October 6, 2008

Cheney Lauds Bailout Action

By Sean Whaley



RENO - Vice President Dick Cheney on Friday told an audience at the Silver Legacy Hotel that the financial rescue package Congress finally approved "clearly serves the national interest."

Cheney, who was speaking at a wildlife policy conference, touched briefly on the measure as the vote was under way in the U.S. House.

"Nobody is happy about the current mess on Wall Street, but without decisive action by the government, there is a real concern the problems we're seeing today could get much worse," he said.

Cheney spent much of his speech at the White House Conference on North American Wildlife Policy providing a report on the accomplishments of the Bush administration in the area of wildlife conservation.

The president "has spent eight years encouraging the spirit of cooperative conservation, engaging the whole nation and making sure voices like yours are heard in the corridors of power," he said.

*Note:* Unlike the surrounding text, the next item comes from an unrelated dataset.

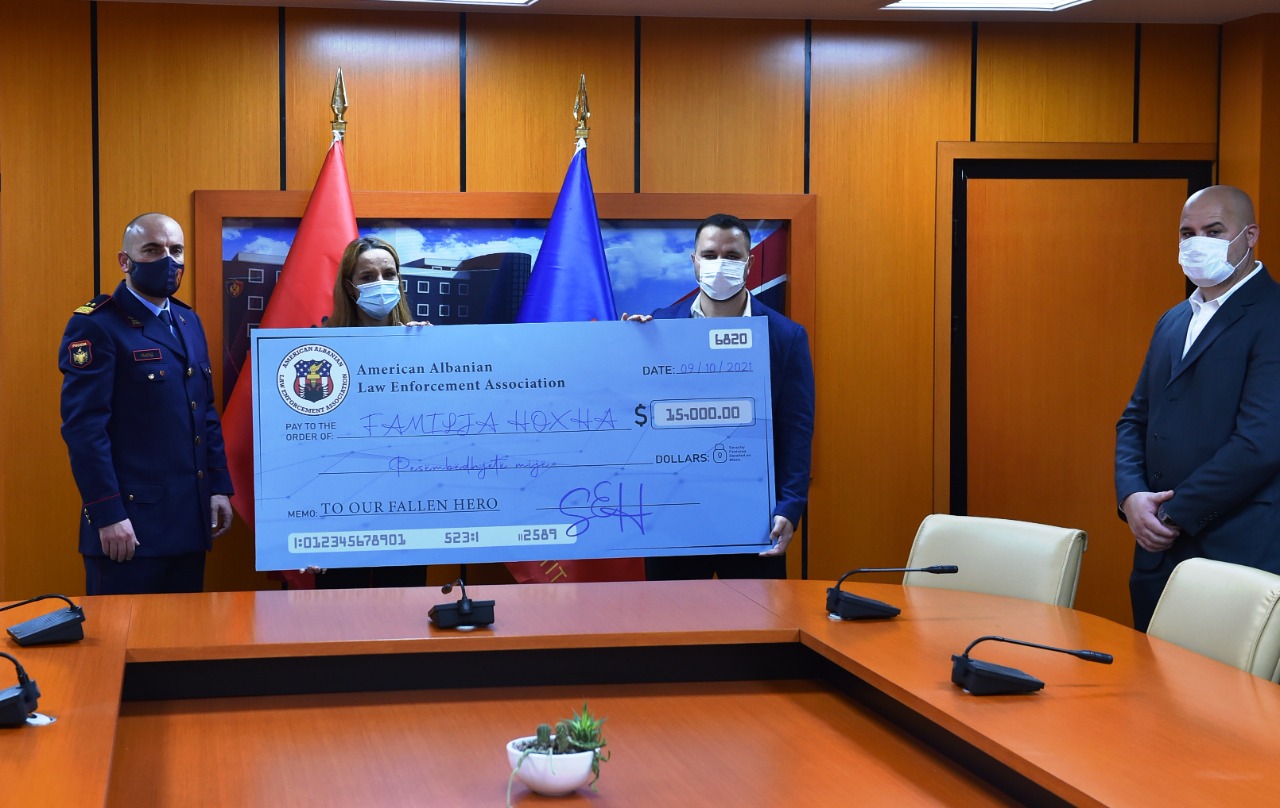 Shoqata policore amerikano-shqiptare dhuron 15 mijë $ familjes së Dëshmorit të Atdheut Saimir Hoxha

The administration set and has met goals to improve habitat, enlarge wildlife populations and increase opportunities for Americans to enjoy the outdoors, he said.

Cheney also praised groups represented at the two-day conference, such as Ducks Unlimited and the Rocky Mountain Elk Foundation.

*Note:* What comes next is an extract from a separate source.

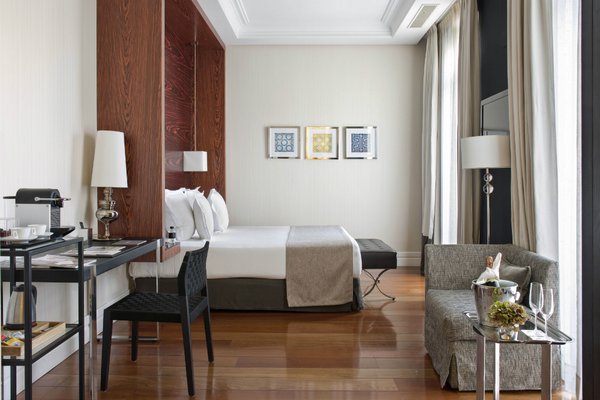 A look inside a suite at Hotel Único Madrid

"Sportsmen tend to be the best informed and most determined advocates for sensible wildlife and habitat conservation," he said. "You've proven that the people who are closest to the land are usually the ones who do the most for the land."

Cheney also took the opportunity to call for more efforts to expand energy production on the nation's public lands.

He said the administration is working to finalize a memorandum of understanding with the nation's Western governors on energy exploration.

"Both Democrats and Republicans understand this nation can produce more oil and gas and we can do it in an environmentally responsible way," Cheney said. "We have a responsibility to meet more of our own energy needs with American wells, American pipelines and American refineries."

One critic of the gathering was the leader of a group working to save the sage grouse, a game bird being considered for federal protection due to the loss of its habitat across much of the West.

The conference "is a weak attempt to paper over extraordinary habitat destruction that has occurred under the current administration and avoid the need to protect species such as sage grouse under the Endangered Species Act," said Mark Salvo, director of WildEarth Guardians' Sagebrush Sea Campaign based in Phoenix.

The Associated Press contributed to this report.